[INFORMATION SUPPLIED Boundary: Start]

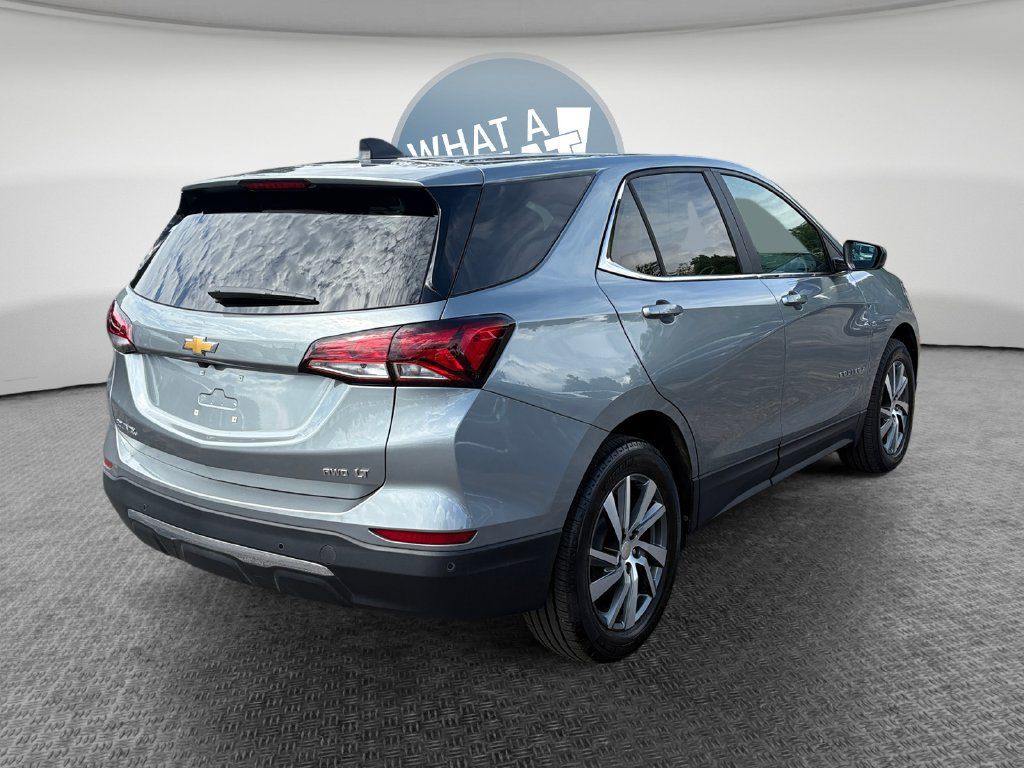 Used 2024 Chevrolet Equinox LT w/ LPO, Floor Liner Package AWD/4WD image 3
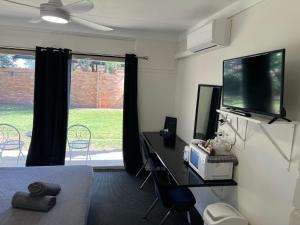 TV a/nebo společenská místnost v ubytování Jumbuck Motor Inn - POOL - PET FRIENDLY SECTION - KING BEDS
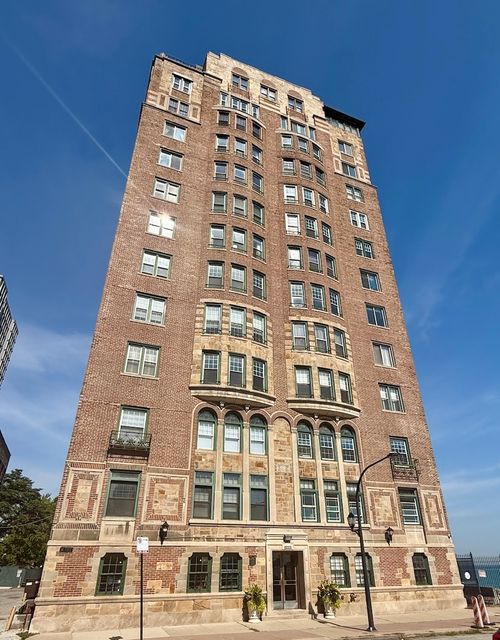 apt-4w-2666 E 73rd St, Chicago, IL, 60649-2731 | Card Image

[INFORMATION SUPPLIED Boundary: End]

### [TASK REQUIREMENTS]
Make an exact copy of the listing above, omitting the pictures.

### [EXERCISE SOLUTION]
 Used 2024 Chevrolet Equinox LT w/ LPO, Floor Liner Package AWD/4WD image 3
 TV a/nebo společenská místnost v ubytování Jumbuck Motor Inn - POOL - PET FRIENDLY SECTION - KING BEDS
 apt-4w-2666 E 73rd St, Chicago, IL, 60649-2731 | Card Image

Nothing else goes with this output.